Limitations of a CUDA kernel reached?

Hello, I am trying to code a 3x3-median filter for 2D image data in CUDA and observed some strange problems.

First, I’ve written and tested a sequential host code version of the filter, say
void median(float *data_in, float *filtered_data,int X-dim, int Y-dim)
where the function operates on given data arrays of given dimensions I pass in. This sequential code works.

Then, I’ve created a with a function
void global cuda_median(float *data_in, float *filtered_data,int X-dim, int Y-dim)
where the arrays are allocated in the device memory and the data is copied from host to device before execution (these steps give CUDA_SUCCESS). Actually, the code inside my kernel is the same as in the host version.

Everything compiles&links without any error in Visual Studio 2008 on Windows 7 64bit.

Now if I invoke the kernel in a wrapper-function inside the same .cu-file via
that is a single thread on the GPU is doing the entire work, it works for small data up to 300x60 pixels and the result have zero absolute error in comparison with the host code.

  1. Problem - CUDA failure:
    For bigger data (>300x600 pixels) the programme fails and Windows 7 even resets the display driver (266.58 64bit). This is the case on a 8400 GS 512 MB and a Quadro FX3700M 1 GB. Why??!!
    Does CUDA reach its limitations?

  2. Problem - CUDA speed very low:
    The pure execution time of the CUDA-kernel on 300x60 pixel data (without data copying etc.) is about 2s on 8400 GS and on Quadro FX3700M whereas the CPU needs only 0.004 S (Quad Core Extreme) resp 0.0115 seconds (Athlon X2) - why is the CUDA thread so slow?

I would really like to know why such behaviour takes place!

Without seeing your code, setting up the GPU (getting the context, allocating the data, copying the data to the GPU and/or back) and so on takes some time. Probabyl thats the reason why it is so much slower. Typically a compute limited serial execution of code (without any compiler optimization) is about 10-20 times slower than on a CPU depending on the CPU / GPU clock frequencies.
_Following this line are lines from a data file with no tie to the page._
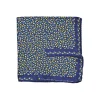Fefè Napoli - Blue Lemons Silk Dandy Pocket Square - Pocket-Square - Handmade in Italy - Luxury Exclusive Collection - Avvenice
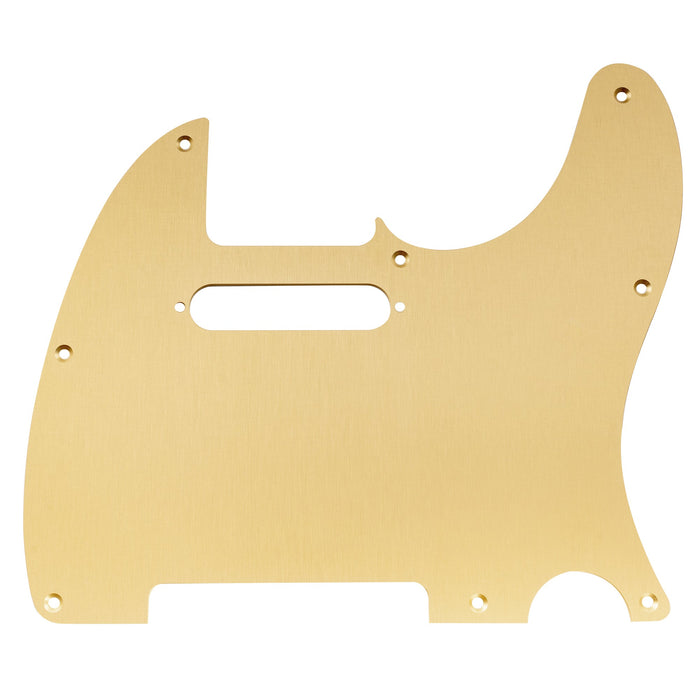 musiclily ultra 8 holes anodized aluminum tl guitar pickguard for american mexican fender standard tele style electric guitar mx2379p, gold
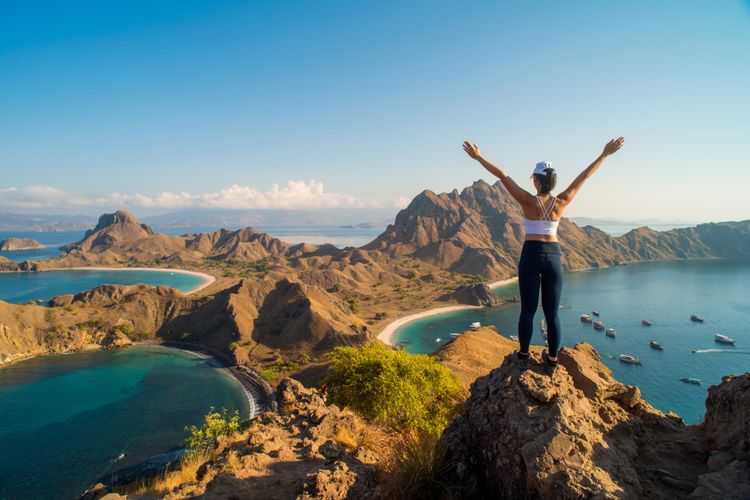 Panorama Pulau Padar. 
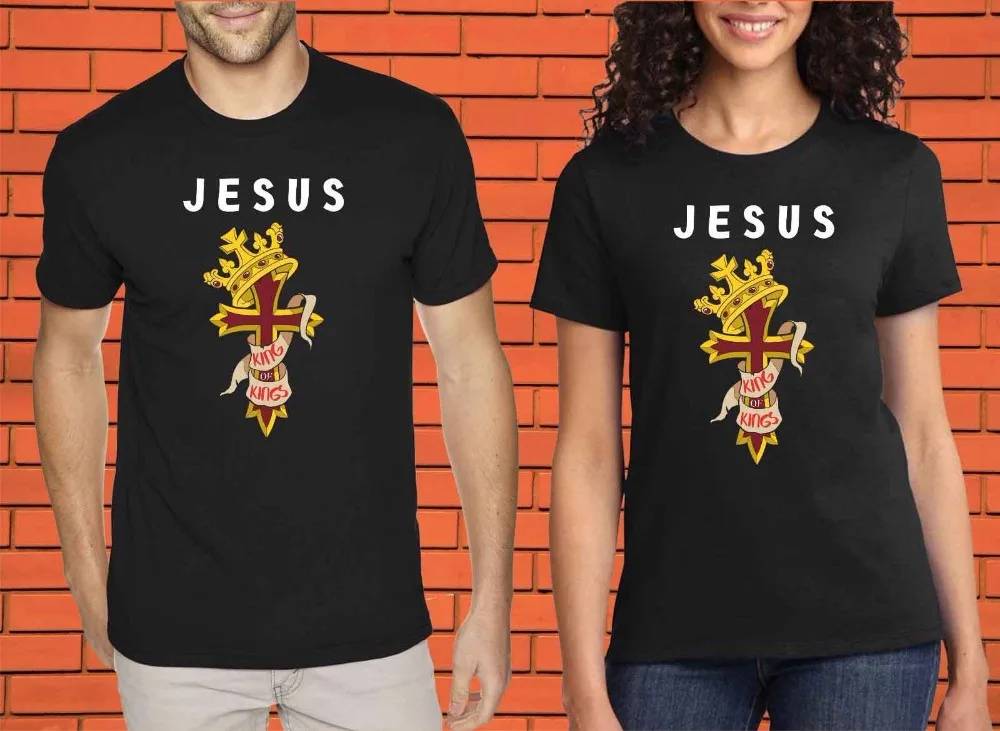 

Jesus King Praise God Religious Belief Worship Christian Jesus Prayer 2019 New Arrival Men'S Summer Hip Hop Short Sleeve T Shirt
The timeout is because of the 5s runtime limit of each kernel, if the GPU is attached to a display.


Thank you very much, I was able to enforce longer kernel execution time limits in the OS and indeed, the kernel worked without problems.

With regard to the execution time, starting the 3D median filter on Geforce with 256 instead of 1 threads per block resulted in 6x speedup compared with the sequential version of the filter on the CPU. I guess, more speedup is possible after memory optimization…

First of all, having one active thread on the GPU is really really really bad.

The GPU relies on having many threads to hide latency rather than using caches (i.e several thousand threads). That means that you should have at least as many blocks as multi-cores (preferably at least a magnitude more) and at least 192 threads per block (there are exceptions either way, but that is a beginners rule of thumb). For the Quadro FX3700M we are talking 16 multi-cores if memory serves. This is unlike the CPU where you want as many threads as cores.

What the GPU calls a core is actually a FPU (floating point unit) which are grouped into multi-cores with either 8 (your case), 32 (high end Fermi) or 48 (low end fermi) cores per multi-core. Each multi core then runs the threads in warps of 32 threads, so whatever you do you are always running at least 32 threads, 31 of which may be doing nothing.

What happens in your case is that you are using 1/16 of the multi-cores of the GPU, and each operation takes 4 clock cycles rather than 1 (as you are running a full warp even though you are trying to run a single thread), on a core that is running on a lower clock rate than your CPU (should be around a third), which in turn (the CPU) also does dual issue on the instructions, so you need to multiply that by another two. Next, you are probably running directly to global memory which means no caches (you need to be using shared memory here) compared to the CPU which is running through the cache (although probably not as efficiently as it can if you are running line order rather than block order).

Bottom line, your GPU never stood a chance the way you are working. It’s not designed to work single threaded …